24, when ferrets were administered subcutaneously 10 mg / kg of cisplatin, The mean number of nausea and vomiting was 557.4 times by the first 4 hours and 1,248.5 times by 12 hours. In contrast, when 150 mg / kg of Compound 2 was administered orally for 1 week, nausea and vomiting symptoms caused by cisplatin administration were reduced to 438.2 cycles for 4 hours and 673.7 cycles for 12 hours, respectively, to 78.6% and 54.0%, respectively.

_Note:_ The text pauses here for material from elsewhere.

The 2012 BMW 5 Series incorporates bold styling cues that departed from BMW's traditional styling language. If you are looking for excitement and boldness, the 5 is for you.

On the other hand, all ferrets died after administration of cisplatin at 10 mg / kg, but in the solvent-only group, they died within an average of 15.7 hours. In contrast, in the group administered with 150 mg / kg of Compound 2, the mortality time due to cisplatin attack was significantly delayed to 47.9 hours.

c) Low dose (5 mg / kg) protection against cisplatin

(25 mg / kg), intermediate dose (50 mg / kg) and high dose (100 mg / kg), respectively. Compound 2 (25, 50, or 100 mg / kg) was suspended in 1% CMC and the body weight was determined by orally administering 5 mL / kg daily at about 10:00 am for 7 days. Immediately after the last test substance administration, 5 mg / kg of cisplatin was subcutaneously injected to induce nausea and vomiting, and CCTV was set up and counted up to 4 hours and 24 hours.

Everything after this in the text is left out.